*** Information given ***

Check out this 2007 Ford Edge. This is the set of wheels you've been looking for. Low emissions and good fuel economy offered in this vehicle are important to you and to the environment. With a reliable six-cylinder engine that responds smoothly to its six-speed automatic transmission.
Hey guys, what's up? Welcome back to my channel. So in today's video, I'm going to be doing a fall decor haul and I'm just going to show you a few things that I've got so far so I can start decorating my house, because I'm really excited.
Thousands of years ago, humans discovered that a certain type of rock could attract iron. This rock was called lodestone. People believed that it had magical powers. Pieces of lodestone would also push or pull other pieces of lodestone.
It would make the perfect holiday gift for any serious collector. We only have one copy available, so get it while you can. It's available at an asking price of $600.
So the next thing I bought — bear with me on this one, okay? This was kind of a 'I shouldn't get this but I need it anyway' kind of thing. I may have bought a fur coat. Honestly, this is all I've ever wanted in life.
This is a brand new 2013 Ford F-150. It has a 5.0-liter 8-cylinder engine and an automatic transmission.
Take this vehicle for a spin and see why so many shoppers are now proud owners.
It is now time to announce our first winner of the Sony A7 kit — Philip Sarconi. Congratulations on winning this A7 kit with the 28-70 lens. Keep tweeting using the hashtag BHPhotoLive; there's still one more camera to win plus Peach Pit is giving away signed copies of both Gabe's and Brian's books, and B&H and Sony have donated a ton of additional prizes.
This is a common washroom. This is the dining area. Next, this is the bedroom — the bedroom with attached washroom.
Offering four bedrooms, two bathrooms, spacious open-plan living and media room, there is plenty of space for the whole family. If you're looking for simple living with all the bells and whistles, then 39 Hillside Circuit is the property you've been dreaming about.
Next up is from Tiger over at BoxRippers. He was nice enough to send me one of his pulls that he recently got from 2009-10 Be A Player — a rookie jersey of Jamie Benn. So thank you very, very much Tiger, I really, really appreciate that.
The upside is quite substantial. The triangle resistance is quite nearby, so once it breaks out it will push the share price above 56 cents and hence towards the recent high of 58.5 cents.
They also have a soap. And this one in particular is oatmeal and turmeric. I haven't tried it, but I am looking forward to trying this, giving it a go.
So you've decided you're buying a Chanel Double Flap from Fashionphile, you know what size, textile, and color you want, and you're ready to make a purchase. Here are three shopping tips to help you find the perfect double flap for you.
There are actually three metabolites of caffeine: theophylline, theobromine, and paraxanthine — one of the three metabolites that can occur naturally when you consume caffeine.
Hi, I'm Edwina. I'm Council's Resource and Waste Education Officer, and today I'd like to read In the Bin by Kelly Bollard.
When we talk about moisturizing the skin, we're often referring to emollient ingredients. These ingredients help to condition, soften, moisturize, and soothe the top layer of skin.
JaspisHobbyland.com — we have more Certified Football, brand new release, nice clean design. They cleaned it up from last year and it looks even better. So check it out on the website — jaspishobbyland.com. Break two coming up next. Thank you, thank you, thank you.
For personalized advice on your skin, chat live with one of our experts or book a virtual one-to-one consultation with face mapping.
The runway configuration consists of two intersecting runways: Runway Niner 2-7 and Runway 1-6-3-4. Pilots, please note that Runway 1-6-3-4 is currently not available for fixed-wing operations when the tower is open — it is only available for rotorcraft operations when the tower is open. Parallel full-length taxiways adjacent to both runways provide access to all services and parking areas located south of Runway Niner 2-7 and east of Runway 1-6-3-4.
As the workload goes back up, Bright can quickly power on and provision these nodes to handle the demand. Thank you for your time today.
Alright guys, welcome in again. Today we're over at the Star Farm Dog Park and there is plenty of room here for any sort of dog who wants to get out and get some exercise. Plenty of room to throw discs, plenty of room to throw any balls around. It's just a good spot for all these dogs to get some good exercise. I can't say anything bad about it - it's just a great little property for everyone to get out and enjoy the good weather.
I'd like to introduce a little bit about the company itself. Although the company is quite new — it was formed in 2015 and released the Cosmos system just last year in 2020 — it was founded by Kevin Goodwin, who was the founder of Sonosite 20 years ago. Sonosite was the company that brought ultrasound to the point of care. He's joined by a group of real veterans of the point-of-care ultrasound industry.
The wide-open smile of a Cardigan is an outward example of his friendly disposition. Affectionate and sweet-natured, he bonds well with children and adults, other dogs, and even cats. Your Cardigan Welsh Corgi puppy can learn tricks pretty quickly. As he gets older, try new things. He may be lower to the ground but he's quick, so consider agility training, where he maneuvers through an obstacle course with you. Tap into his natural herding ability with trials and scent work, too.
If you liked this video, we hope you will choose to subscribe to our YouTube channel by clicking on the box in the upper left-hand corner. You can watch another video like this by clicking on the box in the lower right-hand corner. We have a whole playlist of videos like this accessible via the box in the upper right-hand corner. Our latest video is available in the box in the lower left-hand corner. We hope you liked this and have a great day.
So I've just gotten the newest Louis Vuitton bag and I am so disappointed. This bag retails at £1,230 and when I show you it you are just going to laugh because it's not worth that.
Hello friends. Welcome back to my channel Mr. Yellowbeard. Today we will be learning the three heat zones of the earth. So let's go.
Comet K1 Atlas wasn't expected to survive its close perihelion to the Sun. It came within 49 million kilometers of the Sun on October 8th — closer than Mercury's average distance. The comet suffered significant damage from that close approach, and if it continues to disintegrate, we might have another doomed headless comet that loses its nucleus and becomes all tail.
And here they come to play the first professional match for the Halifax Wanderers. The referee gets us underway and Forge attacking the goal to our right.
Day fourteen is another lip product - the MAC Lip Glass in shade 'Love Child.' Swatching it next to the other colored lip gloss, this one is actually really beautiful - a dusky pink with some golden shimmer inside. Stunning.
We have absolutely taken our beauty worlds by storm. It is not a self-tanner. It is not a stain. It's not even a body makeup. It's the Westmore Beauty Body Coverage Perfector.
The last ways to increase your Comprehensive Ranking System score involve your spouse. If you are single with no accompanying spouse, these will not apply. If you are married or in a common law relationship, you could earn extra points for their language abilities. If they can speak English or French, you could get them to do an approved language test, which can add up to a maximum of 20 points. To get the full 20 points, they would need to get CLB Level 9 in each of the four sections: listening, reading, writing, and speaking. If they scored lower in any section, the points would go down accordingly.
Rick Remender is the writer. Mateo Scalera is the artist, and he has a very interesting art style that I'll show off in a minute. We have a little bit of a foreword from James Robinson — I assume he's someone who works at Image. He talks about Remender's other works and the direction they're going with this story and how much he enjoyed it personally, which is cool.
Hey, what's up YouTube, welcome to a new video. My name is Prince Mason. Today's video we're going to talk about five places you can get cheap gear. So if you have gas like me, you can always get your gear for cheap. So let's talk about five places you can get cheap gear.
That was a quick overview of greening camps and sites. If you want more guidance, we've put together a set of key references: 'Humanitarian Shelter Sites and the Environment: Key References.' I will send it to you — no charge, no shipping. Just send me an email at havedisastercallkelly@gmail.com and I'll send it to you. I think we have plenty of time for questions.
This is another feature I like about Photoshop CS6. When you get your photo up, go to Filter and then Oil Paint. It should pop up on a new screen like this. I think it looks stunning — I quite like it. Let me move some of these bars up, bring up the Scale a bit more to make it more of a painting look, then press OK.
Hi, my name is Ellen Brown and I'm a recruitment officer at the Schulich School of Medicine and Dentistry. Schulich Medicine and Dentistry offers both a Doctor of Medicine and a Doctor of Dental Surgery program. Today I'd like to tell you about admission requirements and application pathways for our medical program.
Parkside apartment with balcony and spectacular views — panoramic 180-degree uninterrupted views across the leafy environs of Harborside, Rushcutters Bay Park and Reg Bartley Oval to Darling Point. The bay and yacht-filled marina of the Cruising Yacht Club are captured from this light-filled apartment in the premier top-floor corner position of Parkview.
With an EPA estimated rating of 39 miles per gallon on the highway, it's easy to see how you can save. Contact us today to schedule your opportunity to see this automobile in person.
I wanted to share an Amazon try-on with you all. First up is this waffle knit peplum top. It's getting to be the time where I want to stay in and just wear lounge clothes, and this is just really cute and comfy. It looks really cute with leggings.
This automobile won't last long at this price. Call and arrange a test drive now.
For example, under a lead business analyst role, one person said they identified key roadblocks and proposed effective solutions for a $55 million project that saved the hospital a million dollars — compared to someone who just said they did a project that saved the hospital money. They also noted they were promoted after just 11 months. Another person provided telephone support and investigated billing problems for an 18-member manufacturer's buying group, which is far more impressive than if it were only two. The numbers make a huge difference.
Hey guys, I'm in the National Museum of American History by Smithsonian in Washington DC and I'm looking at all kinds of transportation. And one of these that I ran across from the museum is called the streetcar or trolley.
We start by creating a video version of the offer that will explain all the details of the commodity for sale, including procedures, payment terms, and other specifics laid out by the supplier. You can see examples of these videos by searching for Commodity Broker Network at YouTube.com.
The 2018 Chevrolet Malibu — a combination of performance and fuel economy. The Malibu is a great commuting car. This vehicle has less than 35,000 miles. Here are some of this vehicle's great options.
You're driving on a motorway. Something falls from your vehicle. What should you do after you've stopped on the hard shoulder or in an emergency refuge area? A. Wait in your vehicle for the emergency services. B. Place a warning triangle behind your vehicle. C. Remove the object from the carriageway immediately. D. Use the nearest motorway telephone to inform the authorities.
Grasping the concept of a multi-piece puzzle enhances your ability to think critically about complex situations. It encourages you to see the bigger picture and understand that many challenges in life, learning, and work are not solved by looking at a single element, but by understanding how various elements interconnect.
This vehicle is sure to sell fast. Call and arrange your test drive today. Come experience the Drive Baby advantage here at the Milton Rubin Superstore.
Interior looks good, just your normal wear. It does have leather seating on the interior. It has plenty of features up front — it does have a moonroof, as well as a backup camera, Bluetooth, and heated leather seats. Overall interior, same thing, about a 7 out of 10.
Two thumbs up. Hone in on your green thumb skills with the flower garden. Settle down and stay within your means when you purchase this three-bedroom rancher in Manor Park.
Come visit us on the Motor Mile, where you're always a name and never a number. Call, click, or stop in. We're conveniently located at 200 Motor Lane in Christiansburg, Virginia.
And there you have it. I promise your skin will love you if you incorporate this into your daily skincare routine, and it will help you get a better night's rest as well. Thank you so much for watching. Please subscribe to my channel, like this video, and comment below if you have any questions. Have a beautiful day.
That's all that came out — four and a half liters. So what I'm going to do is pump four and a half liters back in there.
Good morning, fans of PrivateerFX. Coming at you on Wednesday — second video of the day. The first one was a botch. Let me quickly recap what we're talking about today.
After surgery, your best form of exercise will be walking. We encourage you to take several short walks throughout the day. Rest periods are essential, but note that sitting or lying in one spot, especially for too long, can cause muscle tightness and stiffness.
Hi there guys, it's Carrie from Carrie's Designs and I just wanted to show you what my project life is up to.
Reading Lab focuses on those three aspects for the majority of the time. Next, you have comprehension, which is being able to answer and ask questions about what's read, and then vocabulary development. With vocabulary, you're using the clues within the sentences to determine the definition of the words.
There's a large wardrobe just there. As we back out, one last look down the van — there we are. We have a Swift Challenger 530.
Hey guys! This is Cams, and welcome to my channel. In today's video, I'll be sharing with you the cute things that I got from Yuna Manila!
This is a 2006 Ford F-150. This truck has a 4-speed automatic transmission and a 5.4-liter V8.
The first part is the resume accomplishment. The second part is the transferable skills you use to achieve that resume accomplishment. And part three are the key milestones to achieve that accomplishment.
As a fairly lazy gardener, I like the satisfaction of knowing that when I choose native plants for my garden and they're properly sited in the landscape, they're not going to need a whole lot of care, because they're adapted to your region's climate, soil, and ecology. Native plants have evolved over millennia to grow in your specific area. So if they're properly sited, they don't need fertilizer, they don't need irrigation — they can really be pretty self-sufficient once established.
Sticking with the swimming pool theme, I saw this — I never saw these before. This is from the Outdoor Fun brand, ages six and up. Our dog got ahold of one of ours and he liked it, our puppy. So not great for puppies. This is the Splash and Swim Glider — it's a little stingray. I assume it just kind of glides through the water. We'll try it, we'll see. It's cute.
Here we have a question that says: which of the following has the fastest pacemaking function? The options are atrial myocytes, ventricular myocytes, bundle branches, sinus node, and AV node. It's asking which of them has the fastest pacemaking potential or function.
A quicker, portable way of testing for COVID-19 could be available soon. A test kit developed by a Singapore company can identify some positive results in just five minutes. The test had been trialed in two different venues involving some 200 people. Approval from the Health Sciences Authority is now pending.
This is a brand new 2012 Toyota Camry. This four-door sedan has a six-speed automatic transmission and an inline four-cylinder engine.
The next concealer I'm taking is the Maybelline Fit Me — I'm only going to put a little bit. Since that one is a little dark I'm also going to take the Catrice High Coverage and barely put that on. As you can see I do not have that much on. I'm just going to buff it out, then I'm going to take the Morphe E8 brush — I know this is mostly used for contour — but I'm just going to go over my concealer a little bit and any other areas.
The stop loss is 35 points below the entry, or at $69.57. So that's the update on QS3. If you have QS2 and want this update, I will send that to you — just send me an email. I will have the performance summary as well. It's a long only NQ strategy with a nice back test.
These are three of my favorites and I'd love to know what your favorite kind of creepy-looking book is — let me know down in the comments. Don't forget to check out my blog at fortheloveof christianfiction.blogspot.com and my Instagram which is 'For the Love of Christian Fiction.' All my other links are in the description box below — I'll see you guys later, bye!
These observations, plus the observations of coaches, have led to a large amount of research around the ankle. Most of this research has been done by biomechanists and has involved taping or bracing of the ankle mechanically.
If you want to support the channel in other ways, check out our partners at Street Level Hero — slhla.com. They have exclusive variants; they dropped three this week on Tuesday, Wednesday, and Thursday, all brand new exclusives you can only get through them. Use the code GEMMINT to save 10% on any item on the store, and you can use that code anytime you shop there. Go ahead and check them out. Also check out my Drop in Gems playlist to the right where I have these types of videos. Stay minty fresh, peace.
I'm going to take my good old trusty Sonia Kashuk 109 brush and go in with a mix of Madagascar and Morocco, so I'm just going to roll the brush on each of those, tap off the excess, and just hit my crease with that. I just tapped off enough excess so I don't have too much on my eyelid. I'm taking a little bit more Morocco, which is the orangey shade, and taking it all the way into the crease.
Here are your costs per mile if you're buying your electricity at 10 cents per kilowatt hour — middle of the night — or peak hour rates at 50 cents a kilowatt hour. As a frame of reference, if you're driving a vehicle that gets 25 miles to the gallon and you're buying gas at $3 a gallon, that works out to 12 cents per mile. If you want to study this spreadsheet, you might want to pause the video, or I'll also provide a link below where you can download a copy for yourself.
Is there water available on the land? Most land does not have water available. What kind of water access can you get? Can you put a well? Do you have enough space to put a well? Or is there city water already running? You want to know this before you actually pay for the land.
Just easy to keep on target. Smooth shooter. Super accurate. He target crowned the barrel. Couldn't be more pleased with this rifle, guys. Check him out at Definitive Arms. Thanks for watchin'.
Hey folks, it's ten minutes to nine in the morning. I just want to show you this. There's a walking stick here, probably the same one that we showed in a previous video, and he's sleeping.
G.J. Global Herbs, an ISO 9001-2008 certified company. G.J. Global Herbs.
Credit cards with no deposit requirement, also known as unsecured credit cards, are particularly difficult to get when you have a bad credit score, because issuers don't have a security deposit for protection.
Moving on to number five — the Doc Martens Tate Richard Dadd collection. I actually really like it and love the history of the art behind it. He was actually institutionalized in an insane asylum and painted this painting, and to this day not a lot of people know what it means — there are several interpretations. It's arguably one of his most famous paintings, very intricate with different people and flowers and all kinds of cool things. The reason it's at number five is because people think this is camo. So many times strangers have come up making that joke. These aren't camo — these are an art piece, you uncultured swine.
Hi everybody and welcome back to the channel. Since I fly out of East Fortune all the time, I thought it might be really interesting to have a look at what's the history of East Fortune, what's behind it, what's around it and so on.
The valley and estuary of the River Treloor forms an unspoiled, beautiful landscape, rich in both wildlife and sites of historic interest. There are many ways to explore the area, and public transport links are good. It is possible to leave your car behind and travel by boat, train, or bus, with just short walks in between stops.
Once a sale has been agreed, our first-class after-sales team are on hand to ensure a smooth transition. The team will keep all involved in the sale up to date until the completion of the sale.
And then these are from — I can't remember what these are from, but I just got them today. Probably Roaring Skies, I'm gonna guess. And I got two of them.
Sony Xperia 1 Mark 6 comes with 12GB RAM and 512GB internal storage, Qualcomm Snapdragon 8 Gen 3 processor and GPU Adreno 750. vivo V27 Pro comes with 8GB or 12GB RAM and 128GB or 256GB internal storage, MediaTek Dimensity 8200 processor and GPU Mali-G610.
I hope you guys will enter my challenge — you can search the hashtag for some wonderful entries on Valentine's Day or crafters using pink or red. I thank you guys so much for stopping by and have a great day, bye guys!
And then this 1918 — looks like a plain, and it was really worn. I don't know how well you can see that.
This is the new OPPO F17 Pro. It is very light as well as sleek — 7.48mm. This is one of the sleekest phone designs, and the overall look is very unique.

*** End of Information given ***

-- Activity --
Display each line of the data where "fuel" occurs.

-- Solution to the problem --
Check out this 2007 Ford Edge. This is the set of wheels you've been looking for. Low emissions and good fuel economy offered in this vehicle are important to you and to the environment. With a reliable six-cylinder engine that responds smoothly to its six-speed automatic transmission.
The 2018 Chevrolet Malibu — a combination of performance and fuel economy. The Malibu is a great commuting car. This vehicle has less than 35,000 miles. Here are some of this vehicle's great options.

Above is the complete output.